### Available data
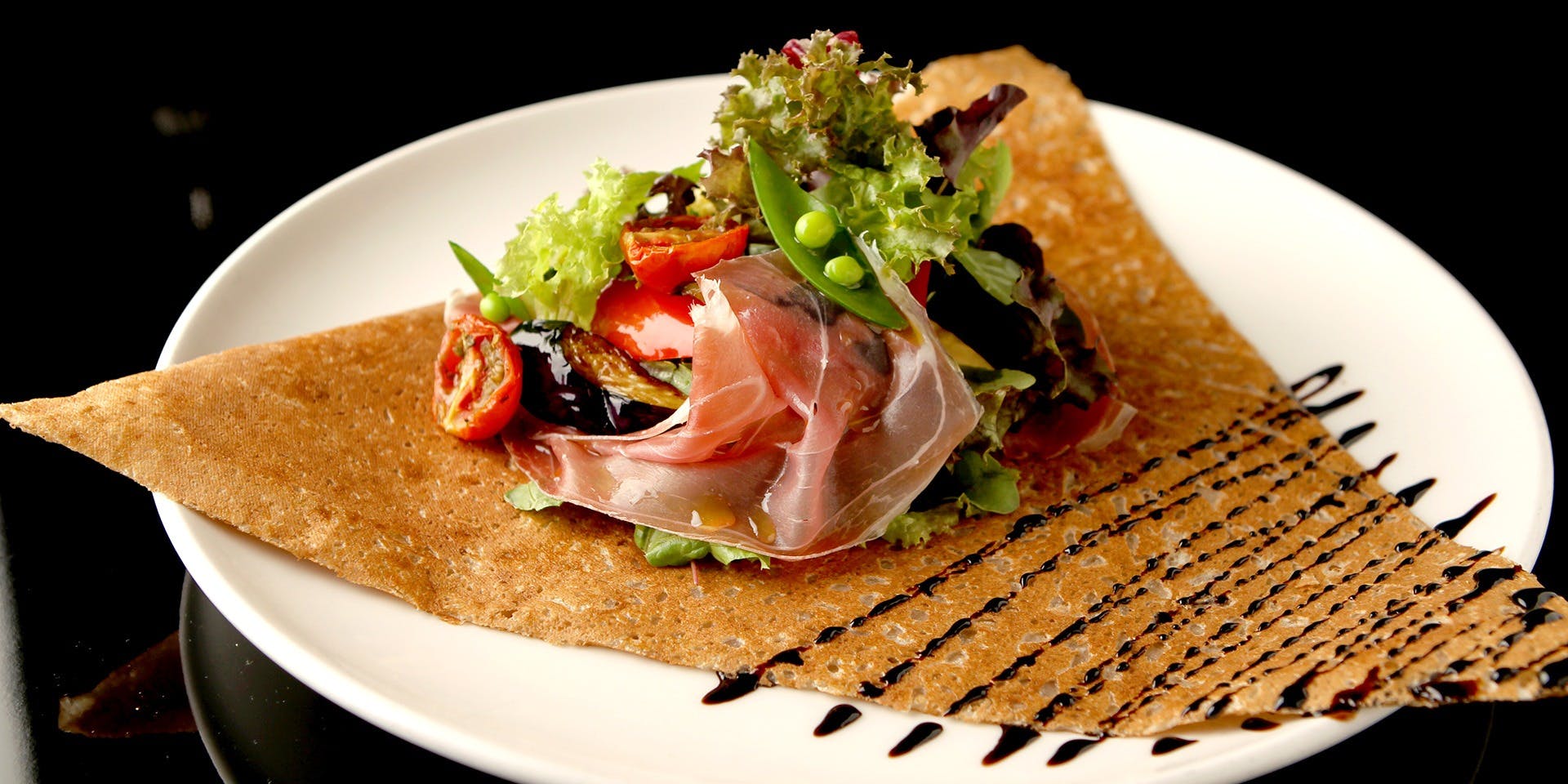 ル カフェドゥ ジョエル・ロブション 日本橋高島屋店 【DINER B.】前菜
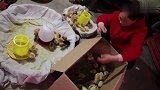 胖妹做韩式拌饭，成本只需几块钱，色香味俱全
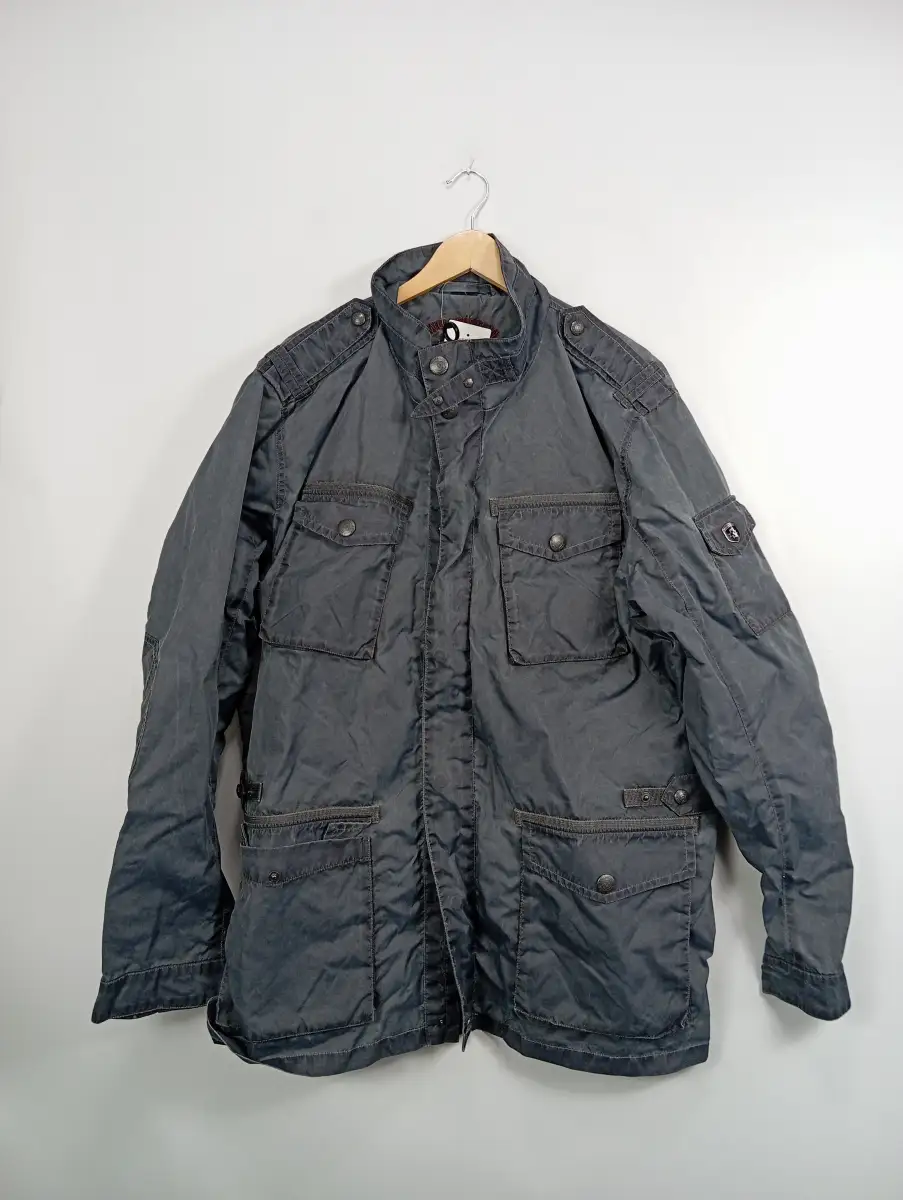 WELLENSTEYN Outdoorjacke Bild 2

### Task objective
After removing the pictures, transcribe the listing above exactly.

### Written reply
 ル カフェドゥ ジョエル・ロブション 日本橋高島屋店 【DINER B.】前菜
 胖妹做韩式拌饭，成本只需几块钱，色香味俱全
 WELLENSTEYN Outdoorjacke Bild 2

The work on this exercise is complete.